Ancienne co-présidente de la Commission indépendante sur l’inceste et les violences sexuelles faites aux enfants (Ciivise) en binôme avec Edouard Durand, Nathalie Mathieu publie Personne n’est prêt à entendre ça. Violences sexuelles faites aux enfants (éd. l'Harmattan). Un roman choral composé à partir des témoignages recueillis dans le cadre de ses fonctions, de 2021 à 2023.

Diplômée en psychologie et en sciences de l’éducation, docteure en droit, Nathalie Mathieu a été formatrice aux écrits du travail social et professionnelle de la protection de l’enfance. Elle était jusqu’en janvier 2024 directrice générale de l’association Docteurs Bru.

ASH : Vous publiez un ouvrage hybride entre fiction et témoignages, à partir des auditions de la Ciivise. Comment l’avez-vous pensé ?

Nathalie Mathieu : Recueillir des témoignages faisait partie des missions de la Ciivise. Nous avons tenu 27 réunions publiques et mené 250 audiences individuelles. A titre personnel, j’en ai effectué la moitié. Mais qu’en faire ? Cela n’a jamais été clair. 

L’idée était certes avant tout de permettre aux personnes entendues de déposer leur histoire, sans que ces témoignages aient de vocation utilitaire. Néanmoins, il avait d'abord été envisagé de mener des recherches universitaires. Sauf que le temps long n’est pas celui de la commission.

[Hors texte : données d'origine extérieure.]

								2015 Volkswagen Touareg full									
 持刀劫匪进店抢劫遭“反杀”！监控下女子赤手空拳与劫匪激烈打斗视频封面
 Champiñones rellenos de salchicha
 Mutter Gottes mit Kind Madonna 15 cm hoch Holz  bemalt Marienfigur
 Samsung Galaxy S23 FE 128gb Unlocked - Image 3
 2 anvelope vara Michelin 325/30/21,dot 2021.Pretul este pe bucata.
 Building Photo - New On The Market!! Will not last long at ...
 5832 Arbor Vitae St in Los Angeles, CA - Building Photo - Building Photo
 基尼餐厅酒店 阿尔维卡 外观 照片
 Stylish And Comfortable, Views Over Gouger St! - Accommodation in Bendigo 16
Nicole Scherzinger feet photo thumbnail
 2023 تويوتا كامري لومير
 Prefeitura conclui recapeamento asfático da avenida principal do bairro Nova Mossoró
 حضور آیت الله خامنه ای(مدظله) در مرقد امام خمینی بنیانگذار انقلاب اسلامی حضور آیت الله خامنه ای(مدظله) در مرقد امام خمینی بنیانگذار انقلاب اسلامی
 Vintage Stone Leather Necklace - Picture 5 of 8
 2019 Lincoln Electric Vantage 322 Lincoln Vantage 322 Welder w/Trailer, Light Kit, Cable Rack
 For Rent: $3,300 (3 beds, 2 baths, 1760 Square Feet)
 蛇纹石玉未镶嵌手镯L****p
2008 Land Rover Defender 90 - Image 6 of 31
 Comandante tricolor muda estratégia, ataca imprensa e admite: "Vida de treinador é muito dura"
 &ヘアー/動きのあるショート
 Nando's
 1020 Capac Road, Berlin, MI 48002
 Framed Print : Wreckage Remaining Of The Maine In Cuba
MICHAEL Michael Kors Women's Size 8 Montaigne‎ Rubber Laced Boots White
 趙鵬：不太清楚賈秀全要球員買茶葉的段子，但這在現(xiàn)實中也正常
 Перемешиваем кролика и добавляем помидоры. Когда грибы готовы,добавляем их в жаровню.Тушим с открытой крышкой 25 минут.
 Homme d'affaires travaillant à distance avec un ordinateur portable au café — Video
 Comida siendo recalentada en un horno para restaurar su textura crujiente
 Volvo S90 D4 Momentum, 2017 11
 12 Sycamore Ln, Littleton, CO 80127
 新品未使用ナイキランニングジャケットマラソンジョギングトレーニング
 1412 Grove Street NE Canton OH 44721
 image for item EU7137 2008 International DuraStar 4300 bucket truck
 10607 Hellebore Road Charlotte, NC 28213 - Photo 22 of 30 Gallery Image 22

Malgré tout, nous étions les seuls à avoir entendu une telle masse d’informations et de témoignages. Sans compter que, pendant ces auditions, beaucoup de personnes nous ont fait part du fait qu’elles ne savaient pas écrire, qu’elles n’étaient pas connues, et que personne n’entendrait leur histoire comme on a entendu celles de Neige Sinno (auteure de "Triste tigre", ndlr), de Vanessa Springora (Le Consentement) ou de Camille Kouchner (La Familia grande).

Alors, un mois avant la remise du rapport, vers le mois d’octobre 2023, je me suis dit qu’il y avait matière à rédiger un roman choral pour faire entendre toutes ces voix. Au lieu de les laisser dans un coffre-fort numérique du ministère.

>>> A lire aussi : Inceste : « La Ciivise est la seule instance qui joint le recueil de la parole des victimes et les politiques publiques » (Edouard Durand)

Vous présentez différents tableaux. Illustrent-ils un mécanisme, une situation typique des violences sexuelles ?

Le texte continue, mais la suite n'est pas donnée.